Application of own credit risk adjustments to derivatives - Basel Committee consultative document
21 December 2011
The Basel Committee today issued a consultative document on the application of own credit risk adjustments to derivatives.
The Basel III rules seek to ensure that a deterioration in a bank's own creditworthiness does not at the same time lead to an increase in its common equity as a result of a reduction in the value of the bank's liabilities. Paragraph 75 of the Basel III rules requires a bank to "[d]erecognise in the calculation of Common Equity Tier 1, all unrealised gains and losses that have resulted from changes in the fair value of liabilities that are due to changes in the bank's own credit risk".
The application of paragraph 75 to fair valued derivatives is not straightforward since their valuations depend on a range of factors other than the bank's own creditworthiness. The consultative paper proposes that debit valuation adjustments (DVAs) for over-the-counter derivatives and securities financing transactions should be fully deducted in the calculation of Common Equity Tier 1. It briefly reviews other options for applying the underlying concept of paragraph 75 to these products and the reasons these alternatives were not supported by the Basel Committee.

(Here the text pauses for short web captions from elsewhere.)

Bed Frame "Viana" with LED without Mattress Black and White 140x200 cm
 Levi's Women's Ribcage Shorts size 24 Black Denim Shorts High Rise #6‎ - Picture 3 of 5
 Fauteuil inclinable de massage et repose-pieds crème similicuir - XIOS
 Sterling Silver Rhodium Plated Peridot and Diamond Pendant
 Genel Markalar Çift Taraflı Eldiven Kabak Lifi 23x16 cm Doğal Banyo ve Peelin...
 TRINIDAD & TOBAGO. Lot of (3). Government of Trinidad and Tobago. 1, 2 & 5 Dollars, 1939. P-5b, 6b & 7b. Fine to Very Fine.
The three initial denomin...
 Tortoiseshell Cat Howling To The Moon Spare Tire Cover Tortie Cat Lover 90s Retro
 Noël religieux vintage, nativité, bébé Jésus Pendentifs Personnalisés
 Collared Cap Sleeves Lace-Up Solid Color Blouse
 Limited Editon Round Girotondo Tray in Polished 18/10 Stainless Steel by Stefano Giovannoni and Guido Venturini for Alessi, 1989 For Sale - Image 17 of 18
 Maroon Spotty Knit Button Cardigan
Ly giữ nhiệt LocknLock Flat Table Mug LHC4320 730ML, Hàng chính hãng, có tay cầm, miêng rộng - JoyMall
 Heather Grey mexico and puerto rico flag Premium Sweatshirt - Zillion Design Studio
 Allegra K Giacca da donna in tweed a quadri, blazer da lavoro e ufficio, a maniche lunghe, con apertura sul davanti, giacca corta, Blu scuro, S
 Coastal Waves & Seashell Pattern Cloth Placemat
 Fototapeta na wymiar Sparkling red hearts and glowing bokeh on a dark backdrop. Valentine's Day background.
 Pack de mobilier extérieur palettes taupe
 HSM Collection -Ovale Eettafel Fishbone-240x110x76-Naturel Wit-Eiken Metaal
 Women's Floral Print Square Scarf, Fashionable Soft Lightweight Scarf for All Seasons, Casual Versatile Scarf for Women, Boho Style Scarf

The Basel Committee welcomes comments on all aspects of this consultative document by Friday 17 February 2012. Comments should be sent to email@example.com. Alternatively, comments may be submitted to the following address: Basel Committee on Banking Supervision, Bank for International Settlements, Centralbahnplatz 2, 4002 Basel, Switzerland. All comments may be published on the BIS website unless a commenter specifically requests confidential treatment.